Graduation speeches: Check with the event organizer for how much time you’re allotted. However, if none is given, assume around 10 minutes but upwards of 15-20 minutes if you’re the keynote speaker for the event. I always prefer 10 minutes as graduations often have many speakers.

Keynote speeches: This type of speech varies on the occasion and your role as the speaker. If you’re trying to reproduce a TEDx talk, keep it to around 18 minutes (TED’s upper limit). If you’re the main speaker for a conference (like the opener or closer), you could be expected to speak anywhere from 20 minutes to 45 minutes or even an hour. Once again, it’s OK to err on the shorter side so that your audience doesn’t tune you out.

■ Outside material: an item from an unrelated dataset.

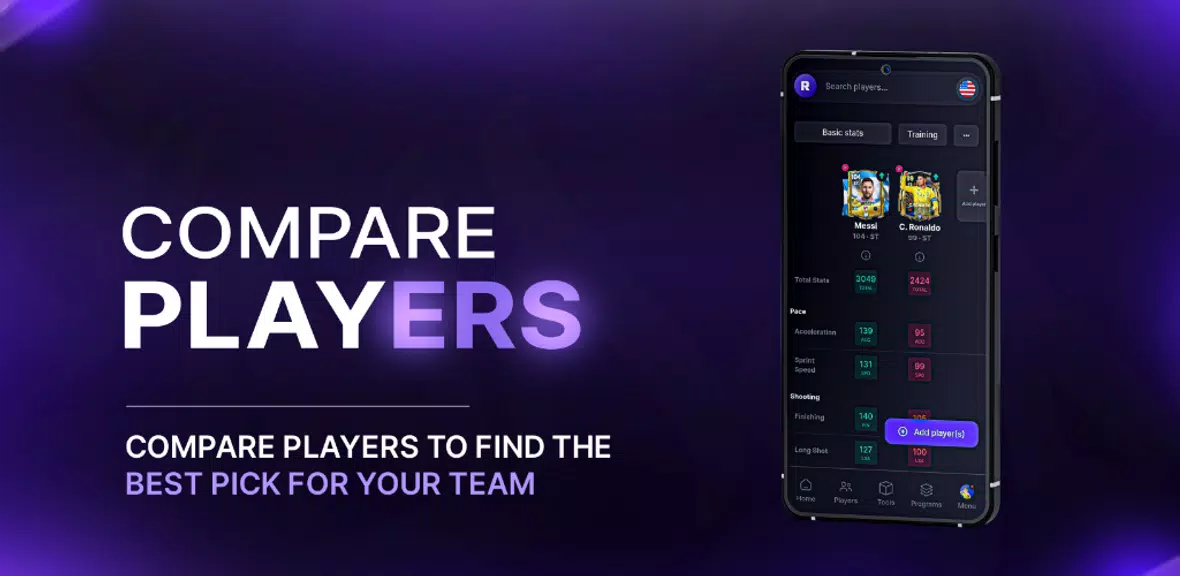 RenderZ: FC Mobile 25 Database Tangkapan skrin 3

Plan for fewer words per minute for time for technical delays, Q&A, needing to elaborate on parts, impromptu ideas

Rather than plan for the maximum amount of words per minute in a speech, start with a lower amount or fewer number of minutes and account for time for inevitable interruptions.

Condense multiple words with similar meanings into one or two words that mean the same thing:

Speechwriters love repetition–it helps the audience keep track of where they are and it helps with rhythm. Notice how many times words or phrases are used in multiples of three. However, if you need to reduce your word count in a speech, you can take lists of three words and condense them into one. You may need to sacrifice rhythm for brevity at times. You don’t have to cut out each three-word series–leave the best ones at the beginning and end of your speech.

Next Steps for Getting Your Speech’s Word Count Correct:

For your next speech or presentation, set a goal the next time you write to limit yourself to a certain number of words or to hit a minimum threshold depending on the situation.

Try writing your presentation in different lengths if you have ample latitude–what is the 3-minute speech vs. 10 minute speech version?

Use speech word counts as a guide and you’ll hit your mark each time.